Assignment: When the line with "But to get the" turns up below, begin repeating exactly, and carry on through the line with "So we're going"; no pictures go into the copy.

--- Dataset content ---

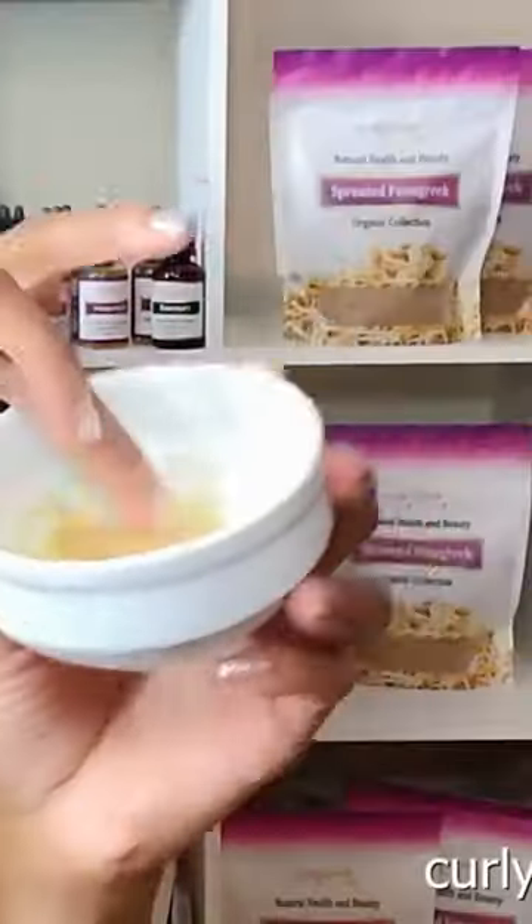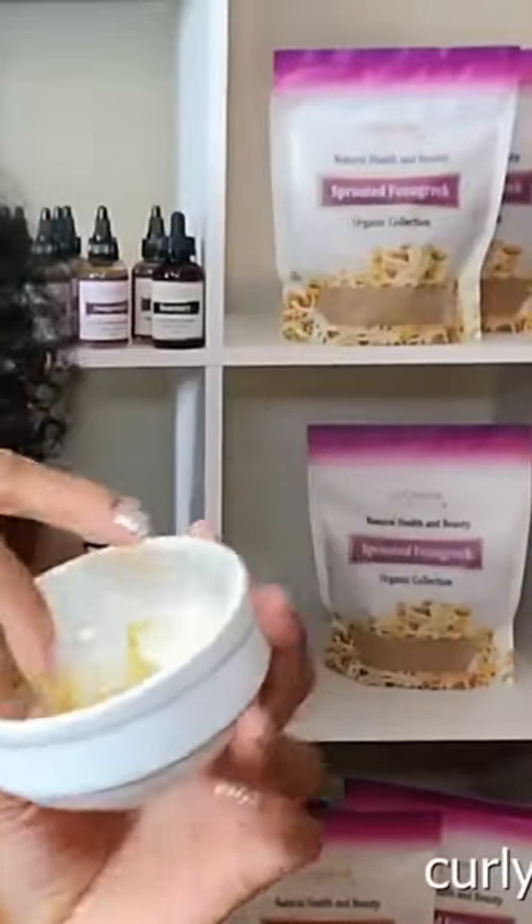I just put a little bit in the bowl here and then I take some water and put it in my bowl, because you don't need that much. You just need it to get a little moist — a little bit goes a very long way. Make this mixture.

---
--- Dataset content ---

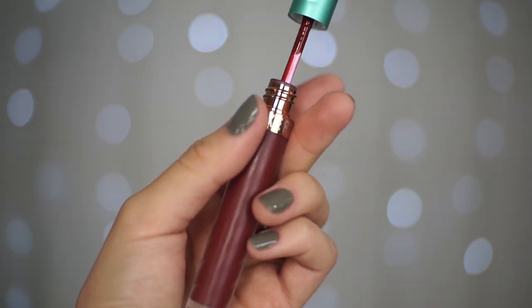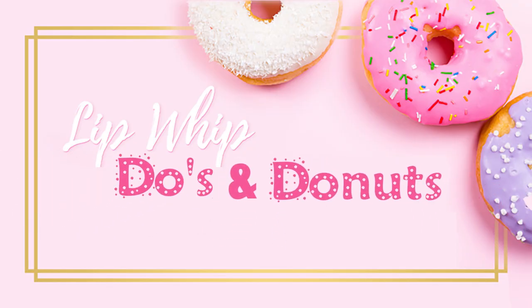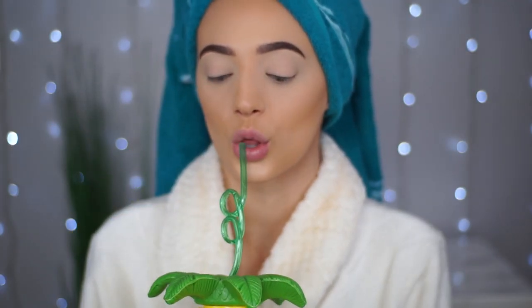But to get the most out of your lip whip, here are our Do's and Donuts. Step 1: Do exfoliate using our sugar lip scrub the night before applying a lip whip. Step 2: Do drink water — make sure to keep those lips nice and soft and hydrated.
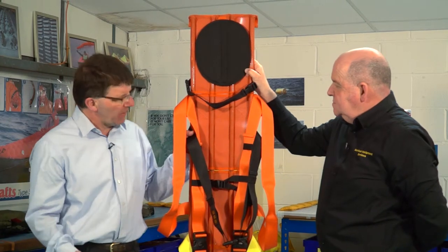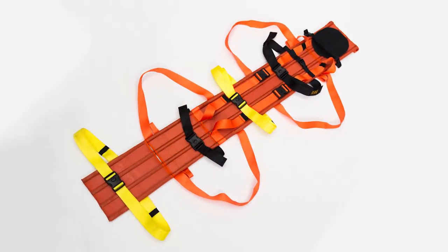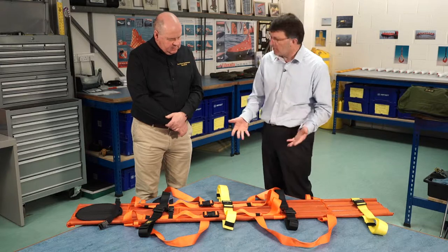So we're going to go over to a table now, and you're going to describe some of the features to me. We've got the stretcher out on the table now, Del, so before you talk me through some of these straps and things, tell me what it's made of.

---

Expected answer:
But to get the most out of your lip whip, here are our Do's and Donuts. Step 1: Do exfoliate using our sugar lip scrub the night before applying a lip whip. Step 2: Do drink water — make sure to keep those lips nice and soft and hydrated.
So we're going to go over to a table now, and you're going to describe some of the features to me. We've got the stretcher out on the table now, Del, so before you talk me through some of these straps and things, tell me what it's made of.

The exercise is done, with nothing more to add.